Scholar@UC is an important scholarly portal for all stewards, and its goal is to capture, organize, make accessible, enable reuse and reformatting, and preserve an institution’s intellectual output, cultural and historic records, and research-significant library collections of unique materials. Scholar@UC is part of UC’s Research Hub and is supported in partnership by UC Libraries and IT@UC. Other implications of Scholar@UC are to include external links and integration with national projects like ARL’s SHARE, a higher education initiative whose goal is to make a comprehensive inventory of research and to make it widely discoverable, accessible and reusable.
Diversity Grant
As UC pursues its global mission, and as the ‘intellectual hub’ of the university, UC Libraries plays an important role in facilitating and promoting diversity to “offer a challenging, yet nurturing intellectual climate with a respect for the spectrum of diversity and a genuine understanding of its many components — including race, ethnicity, gender, gender identity and expression, age, socioeconomic status, family structure, national origin, sexual orientation, disability and religion — that enrich us as a vibrant, public, urban research university for the 21st century.”
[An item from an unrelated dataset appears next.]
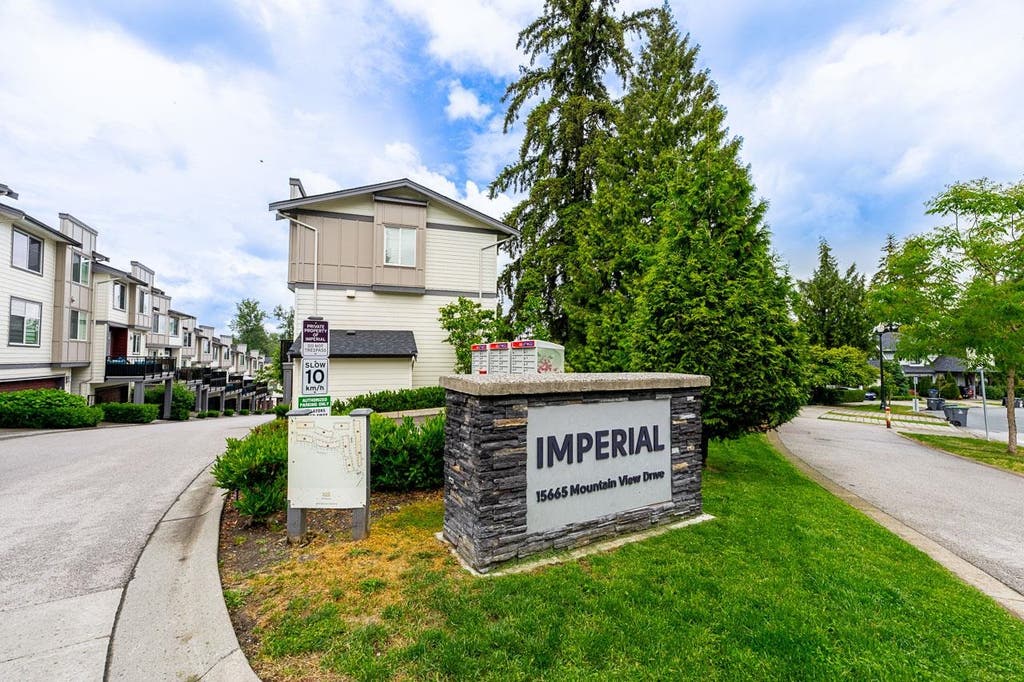 Photo of 15665 Mountain View Drive #53, Surrey, BC V3Z 0W8 (MLS # R3157468)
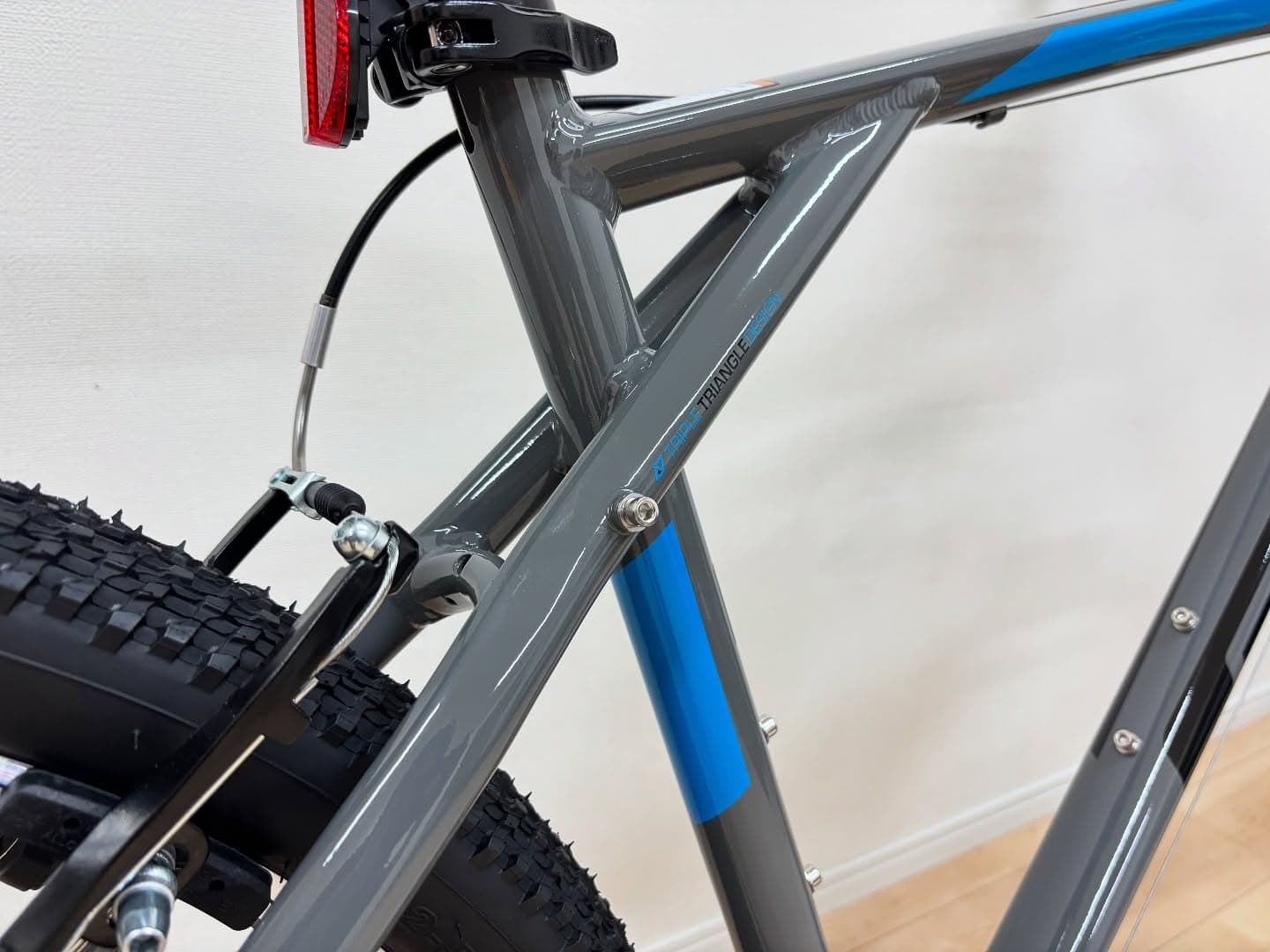 パロマーアロイ L サブ画像3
Last spring, librarians Olga Hart and Rosemary Franklin applied for and received a Diversity Grant, courtesy of the Provost’s Office. This matching grant from UC Libraries funded a year’s worth of activities that provided support and services for international students, celebrated different cultures and their traditions and created opportunities for students and staff to explore common issues students face. For its main event, a Lunar New Year celebration took place this spring on the 4th floor of Langsam Library.
THATCamp
This year was an active one for the Digital Humanities and Digital Scholarship (DH/DS) strategic initiative led by Arlene Johnson, digital humanities strategist for UC Libraries. Speakers Lee Skallerup-Bessette, from the University of Kentucky, and Alex Gil, from Columbia University, both presented at the university to great success.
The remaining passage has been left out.